Following McAllister’s investigation, it was learned that the girls had, in fact, collided into Herrera, not the other way around. What’s more, Herrera did, in fact, jump into the water to help Vanessa’s cousin stay afloat.
McAllister’s findings directly contradicted an affidavit filed by the Sheriff’s department alleging that “two independent witnesses” said that Herrera was driving his boat in circles and did not render aid. The affidavit, however, failed to identify the witnesses, and the sheriff’s department has refused to answer questions about the accuracy of the affidavit.
“What our investigation showed was that in fact they ran into him. In boating terms, he had the right of way. They hit him on the port side, or the left side. … He did the right thing, he powered down (the boat),” said McAllister to the Modesto Bee. “He had a terrible choice to make: One girl was not moving, the other girl was flailing in the water. He chose the one who was flailing because she was showing signs of life, obviously. He kept her afloat until another boat came.”
McAllister’s findings were submitted to the Stanislaus County District Attorney, and last month, the prosecution dropped the felony DUI charges and murder charge. Michael Scheid, the prosecutor assigned to the case, filed an amended complaint against Herrera alleging only misdemeanor boating under the influence charges.
Although the result might not sit well with some readers, the law requires it.
As the District Attorney’s Office itself recognizes, “[i]t is not enough to prove that someone who drank alcohol and was piloting a boat got involved in a collision where someone died,” said John Goold, a spokesman for the District Attorney’s Office.
By law the prosecution must prove every element of a crime beyond a reasonable doubt, and one element to the crime of second degree murder via DUI (or BUI) is that Herrera “did an act or neglected any duty imposed by law…which act or neglect proximately caused the bodily injury.” Based on McAllister’s investigation, Herrera simply did not.
“In this case, ongoing investigation led us to the inescapable conclusion that we could not prove all the elements beyond a reasonable doubt, which led to the filing of the amended complaint,” said Goold rightly so.
Following the amended complaint and dropping of charges, Herrera was released from custody on his own recognizance.
“I was in hell; that’s hell in there,” Herrera said following his release, recalling his time in jail awaiting prosecution. “Just thinking about my family. What was going to become of my kids and myself? Being in there for something that I didn’t do.”
Go ahead and ask Juan Francisco Moreno Herrera whether it’s a good idea to hire a criminal defense attorney when facing California DUI charges. In his case, it was the difference between a misdemeanor DUI and a murder.
Herrera still faces those misdemeanor DUI charges and expected in court this month.
Last week, a school bus driver from Paradise, California was arrested on suspicion of driving under the influence of alcohol after several students riding on her bus, as well as parents of children on that bus, reported that she may have been drunk.
Students and their parents called 911 to report that the school bus driver, Desiree Ann Abrams, was speaking loudly, interacting inappropriately with the students, and smelled as though she had been drinking.

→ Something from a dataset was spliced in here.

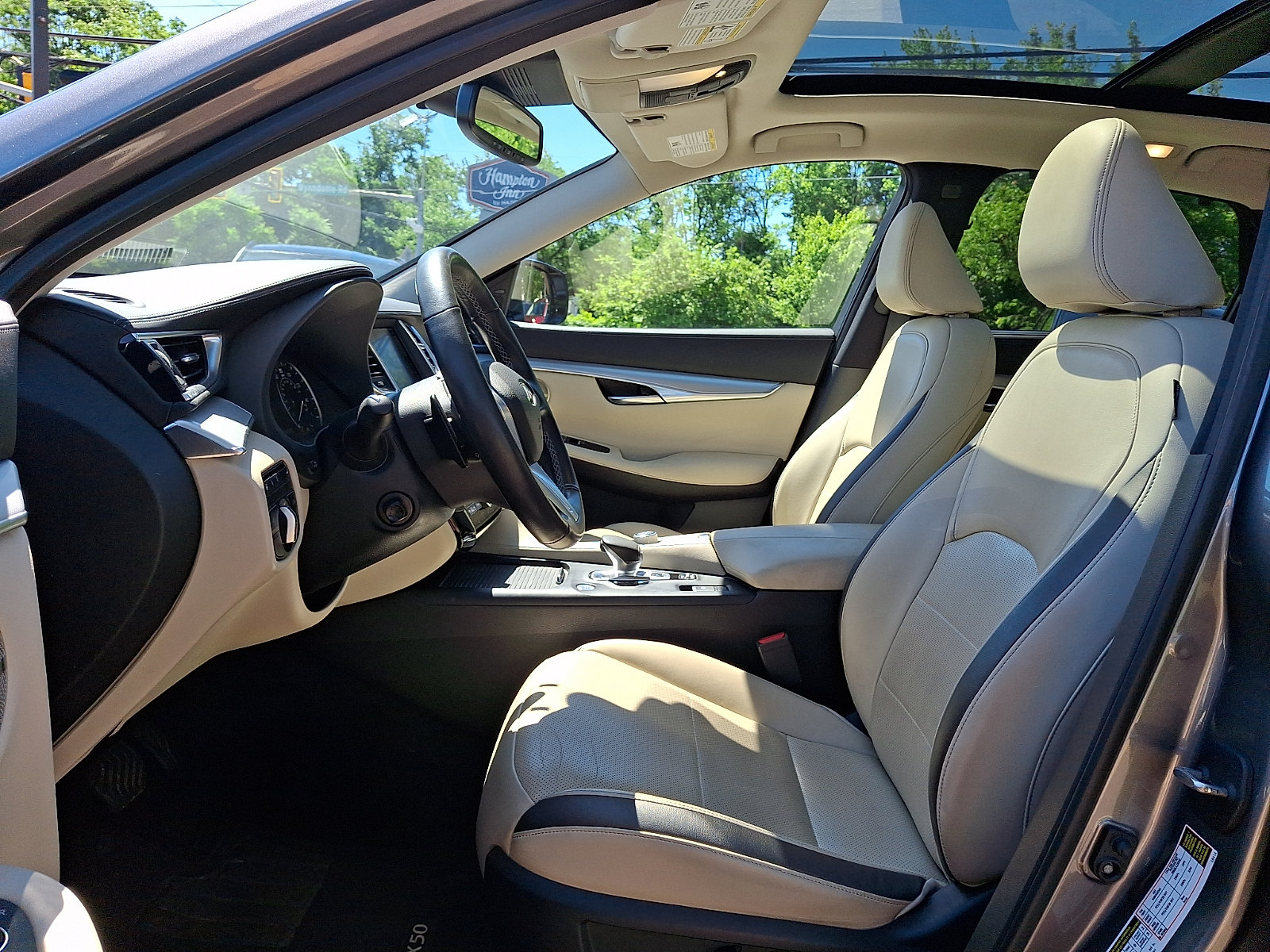Used 2020 INFINITI QX50 Sensory w/ Proactive Package AWD/4WD image 13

“When we got on the bus that day, she was kind of slurring her words. I thought she was just having a really good day but when I sat down she was stopping people and asking them questions what’s your middle name, how old are you, you’re looking pretty good today,” Dustin Jones, an eighth-grader at Paradise High School, told local news outlet KRCR.
When CHP officers arrived, they observed signs commonly associated with being intoxicated and determined that Abrams was driving under the influence.
According to law enforcement, no students were on board of the bus at the time of the DUI stop because they had already been dropped off at their regular stops.
“I thought she was just joking around until I saw she got arrested then I believed it,” said Phenix Rye, a junior at Paradise High School.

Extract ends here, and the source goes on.